Russell told about his first date with Ruth, his wife. And share about their palm tree table, which his wife hated so much the couple hid it under a bed¾it was the only piece of furniture that made it out of the flood.
I walk by the overwhelming pile of molded trash that lies by the trash can at the side of the road. Things weren’t always this way, at one time this trash was cherished. I’m sure in that pile lies a summer dress that Ruth loved so much because it brought out her eyes and she felt like she could conquer the world in it. I’m sure in that pile lies a journal that’s water logged and you can no longer read the stories and memories that have been scribbled in there. Everything this sweet family has ever known is completely gone.
“Just an interruption,” Russell said. Excuse me, what? This flood wiped out everything this family ever owned.

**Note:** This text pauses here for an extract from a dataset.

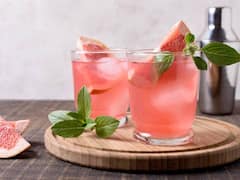 Guava Mojito Recipe: हाउस पार्टी की जान बन जाएगी यह खास क्लासिक 'फ्रूट कॉकटेल', ऐसे बनाएं 'अमरूद मोजिटो'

And Russell says, “This is only an interruption, to gaze our eyes on Jesus.” What?
He said, “We get so caught up on the things of this world and I couldn’t be more thankful for it being taken away because I now get to rely solely on Jesus.”
Here we are. We drove 12-hours to minister to this family who turns right back to us and challenges our faith in a way that brings conviction and a joy that surpasses everything this world has to offer us.
Russell told us how he prays for interruptions. When we look at the life of Jesus, we can see the way He embraced and welcomed interruptions. In Mark 5, Jesus was on His way to heal Jairus’ daughter and was stopped by a lowly woman who had been bleeding for 12 long years. Now this woman wasn’t socially accepted and was considered an outcast, but not to Jesus. Jesus stopped in His tracks, welcomed her, looked her in the eyes and called her daughter.
I left that trip to Louisiana praying to Jesus a simple prayer, “Lord interrupt me when I fix my eyes on anything else but you. Set my gaze upon you. I trust You.”